War and famine are in our future. Putin’s energy shock is becoming a world food crisis. Brace for rationing.
March 4, 2022 — 11.13am
By Ambrose Evans-Pritchard
The world was facing a grain supply crunch even before Putin’s invasion of Ukraine.
https://www.smh.com.au/business/markets/...5a1m8.html
...The world faces what amounts to a commodity “black swan” across the gamut of primary resources. Oil, gas, coal and the “ags” are all spiralling higher together, with metals catching up fast. It is a systemic stagflation shock, an intractable problem for central bankers. It acts like a war reparations tax on the economies of importing nations and is ultimately contractionary...
Record food commodity prices are an ordeal by fire for some 45 poorer countries that rely heavily on food imports: the Maghreb, the non-oil Middle East, swathes of Africa, Bangladesh or Afghanistan. The World Food Programme warned of “catastrophic” scarcity for several hundred million people last November. The picture is worse today...
“Everything is going up vertically. The whole production chain for food is under pressure from every side,” said Abdolreza Abbassian, the ex-head of agro-markets at the UN’s Food and Agriculture Organisation.
“I have never seen anything like it in 30 years and I fear that prices are going to go much higher in the 2022-2023 season. The situation is just awful and at some point people are going to realise what may be coming.

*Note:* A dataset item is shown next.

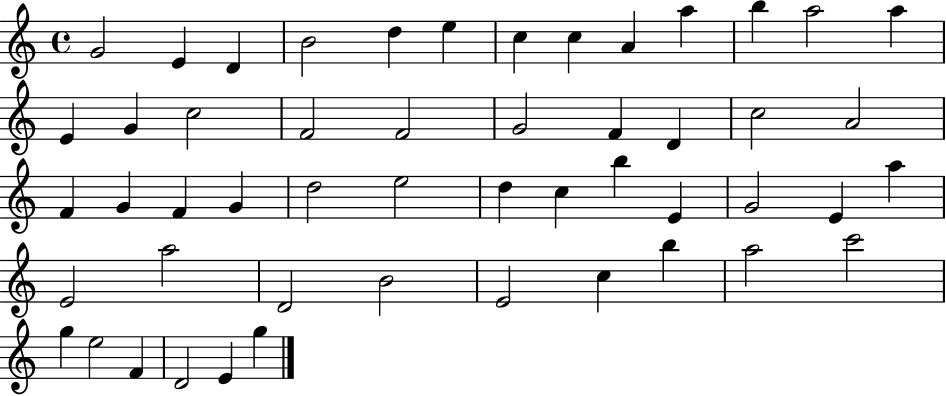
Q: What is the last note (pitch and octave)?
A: G5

We’re all going to have to tighten our belts, and the mood could get very nasty even in OECD countries like Britain,” he said.
Energy and farm commodities are interlinked. Natural gas is a feedstock for fertiliser production in Europe, and lest we forget, Russia and Belarus together account for a third of the world’s exports of potash. Rocketing oil prices are driving a switch to biodiesel in south-east Asia, further tightening the global market for vegetable oils...

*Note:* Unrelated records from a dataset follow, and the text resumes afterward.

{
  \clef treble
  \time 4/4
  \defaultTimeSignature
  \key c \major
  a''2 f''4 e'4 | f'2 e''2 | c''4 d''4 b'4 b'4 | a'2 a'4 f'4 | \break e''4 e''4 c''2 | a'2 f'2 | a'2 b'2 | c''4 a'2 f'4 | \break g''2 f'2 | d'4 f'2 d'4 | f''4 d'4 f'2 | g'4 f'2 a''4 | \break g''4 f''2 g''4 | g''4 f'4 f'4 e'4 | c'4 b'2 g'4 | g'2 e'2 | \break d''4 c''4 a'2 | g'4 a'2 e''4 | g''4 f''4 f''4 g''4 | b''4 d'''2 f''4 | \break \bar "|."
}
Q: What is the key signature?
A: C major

Roughly a third of world exports of barley come from Russia and Ukraine combined, 29 per cent of wheat, 19 per cent of maize, as well as 80 per cent of sunflower oil. Much of this is usually shipped through the Black Sea ports of Odesa, or Kherson - scene of hand-to-hand street battles until it fell on Wednesday - or Mykolaiv, where a Russian missile hit a Bangladeshi-flagged bulk carrier this week and killed one of the crew.
“Loading is at a standstill. It is not just the ports: you can’t get a ship in there. Nobody wants to get stranded,” said Mr Abbassian. Lloyd’s List reports that the northern Black Sea and the Azov have been declared “warlike operations areas’, implying double pay for crews, if you can get them.
Insurance rates are prohibitive and banks are refusing letters of credit, even though grains, fertilisers and energy products are exempt from sanctions. Shippers are scrambling to find out what it means for a counterparty to be “connected with Russia”.
Everybody is wary of the US Treasury’s sanctions police, known as OFAC (US Office of Foreign Assets Control). The US law firm Crowell and Moring said clients fear that they may be caught in the net inadvertently, given that targeted oligarchs control much of Russia’s agro-industrial nexus in one way or another. Every transaction has to be screened to the finest detail.
“Russian and Ukrainian wheat are not being offered. Critical corn flows to the world are being stymied. If Ukraine farmers do not plant substantial quantities of corn next month, the supply crunch will be very severe,” said Rabobank.